• ASSIGNED TASK: Among the lines below, output only those between the line holding "转业士官收入证明详解与开具指南" and the line holding "<b>Portable</b> Car Refrigerator", inclusive, exactly as written and with no pictures.

• MATERIAL SUPPLIED:
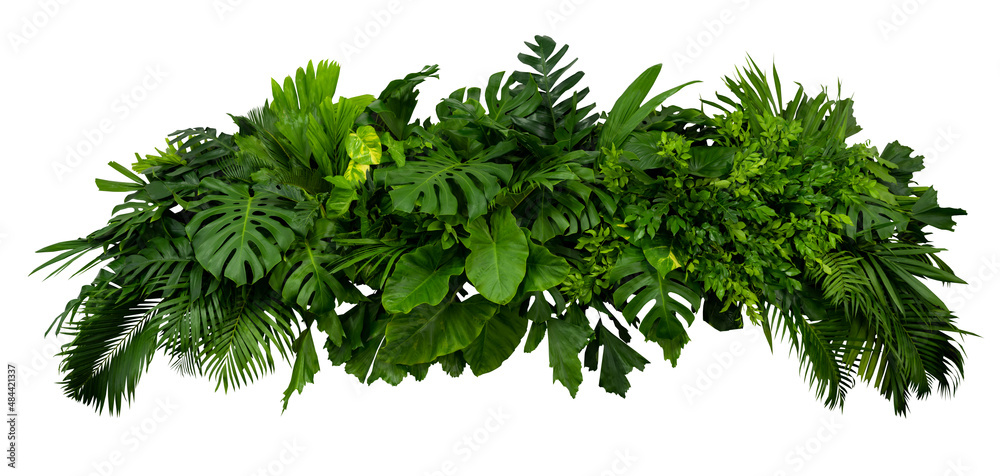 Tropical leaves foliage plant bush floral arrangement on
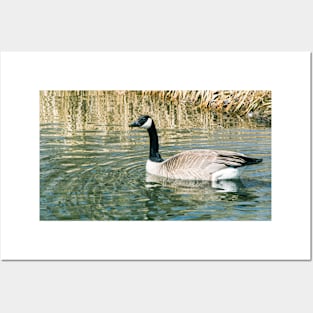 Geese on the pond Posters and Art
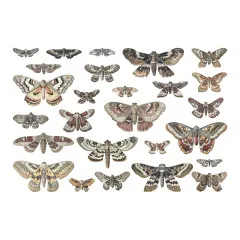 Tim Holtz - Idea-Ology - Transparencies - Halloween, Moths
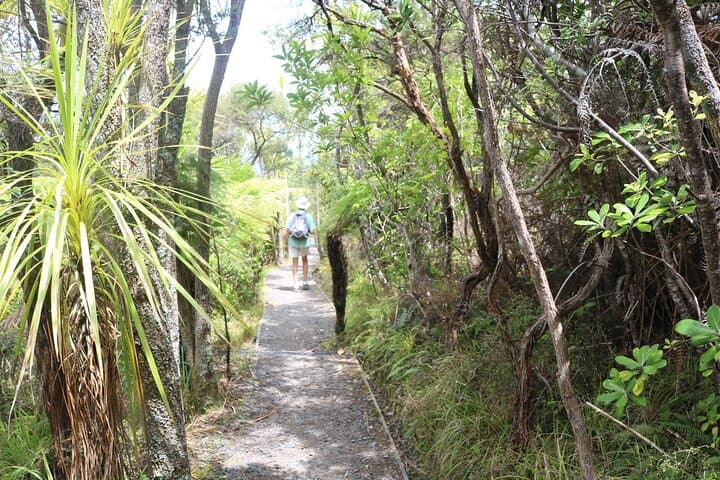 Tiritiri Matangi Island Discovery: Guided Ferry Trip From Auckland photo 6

* * *

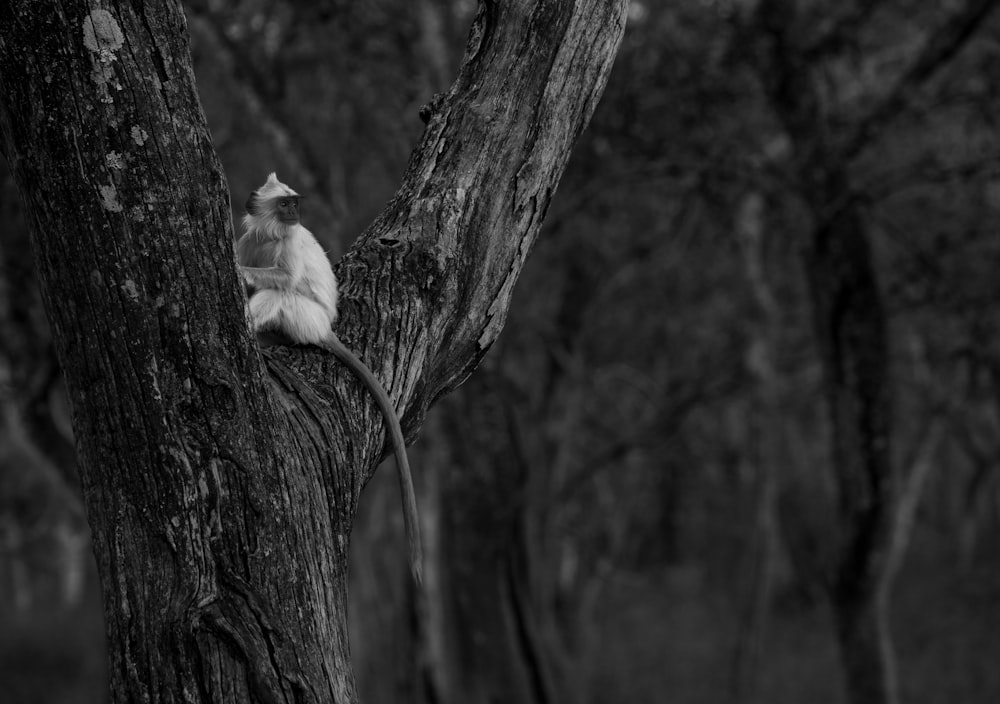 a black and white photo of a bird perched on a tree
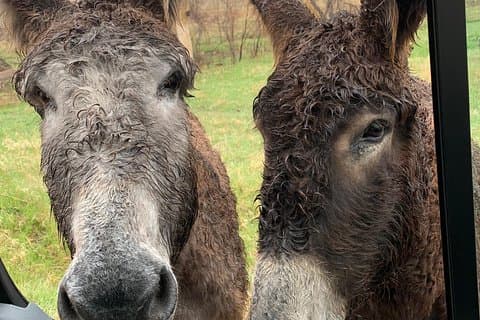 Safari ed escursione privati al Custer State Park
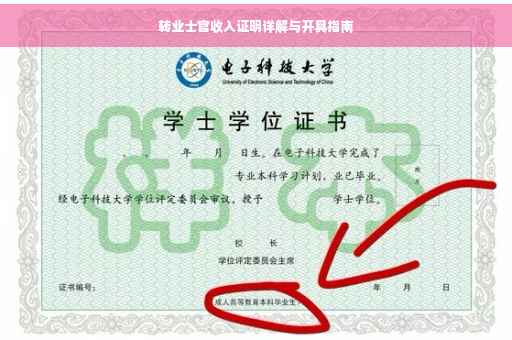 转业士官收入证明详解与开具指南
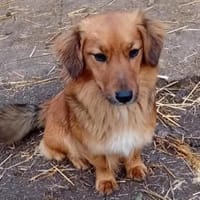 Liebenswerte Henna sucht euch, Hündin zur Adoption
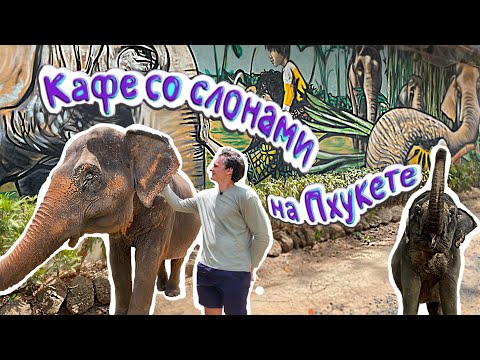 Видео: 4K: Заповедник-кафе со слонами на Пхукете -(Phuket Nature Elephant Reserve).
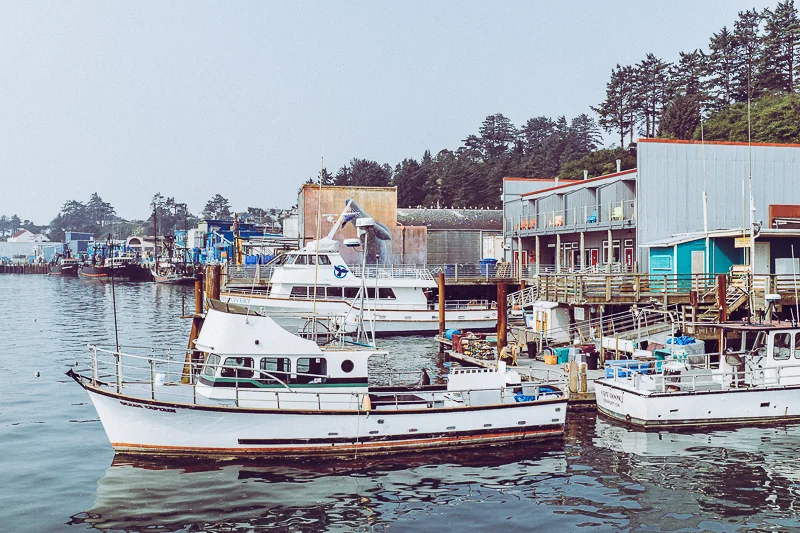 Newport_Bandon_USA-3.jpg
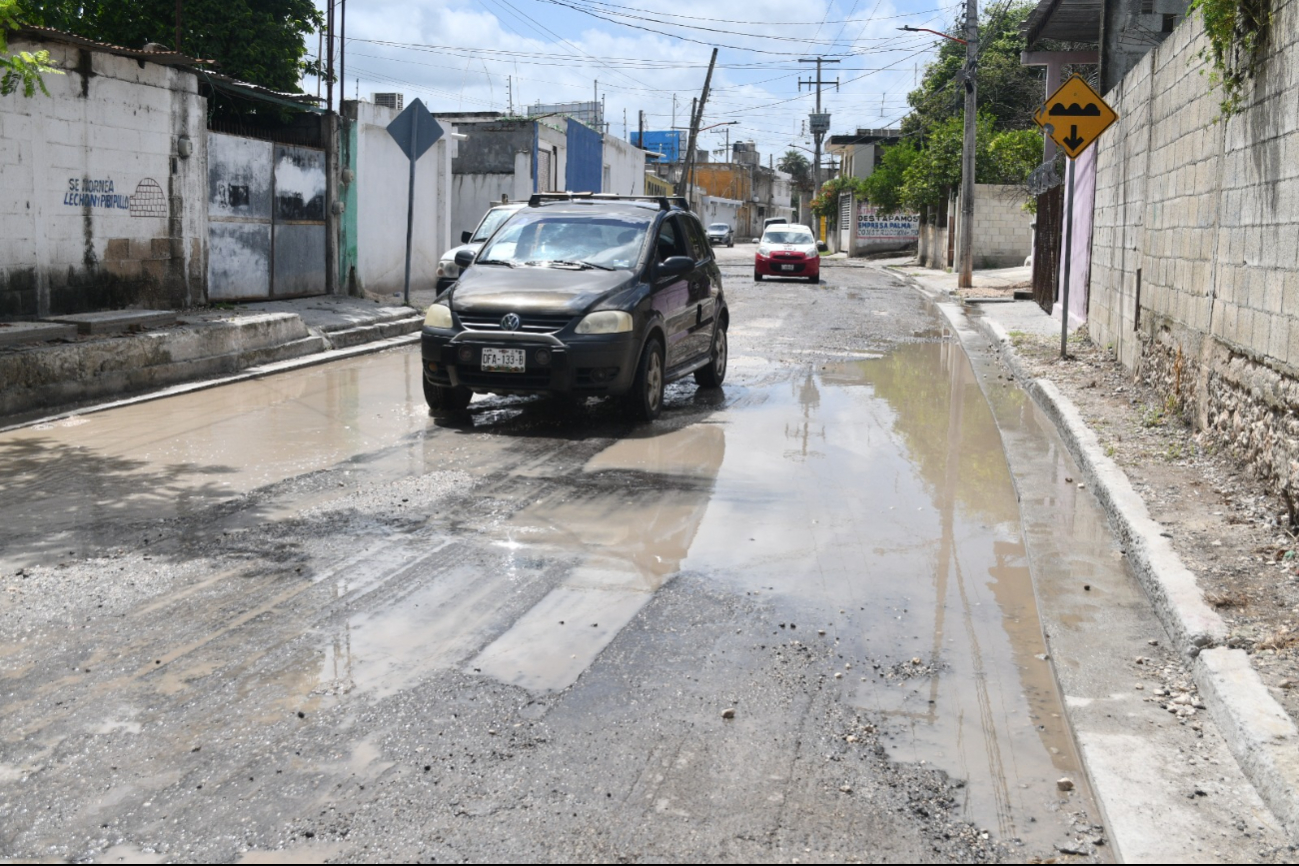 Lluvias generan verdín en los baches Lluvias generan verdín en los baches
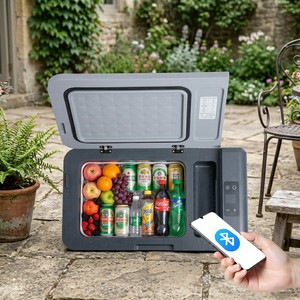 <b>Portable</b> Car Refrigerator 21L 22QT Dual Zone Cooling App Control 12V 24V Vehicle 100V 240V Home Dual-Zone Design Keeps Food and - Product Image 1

• RESPONSE TO THE EXERCISE:
 转业士官收入证明详解与开具指南
 Liebenswerte Henna sucht euch, Hündin zur Adoption
 Видео: 4K: Заповедник-кафе со слонами на Пхукете -(Phuket Nature Elephant Reserve).
 Newport_Bandon_USA-3.jpg
 Lluvias generan verdín en los baches Lluvias generan verdín en los baches
 <b>Portable</b> Car Refrigerator 21L 22QT Dual Zone Cooling App Control 12V 24V Vehicle 100V 240V Home Dual-Zone Design Keeps Food and - Product Image 1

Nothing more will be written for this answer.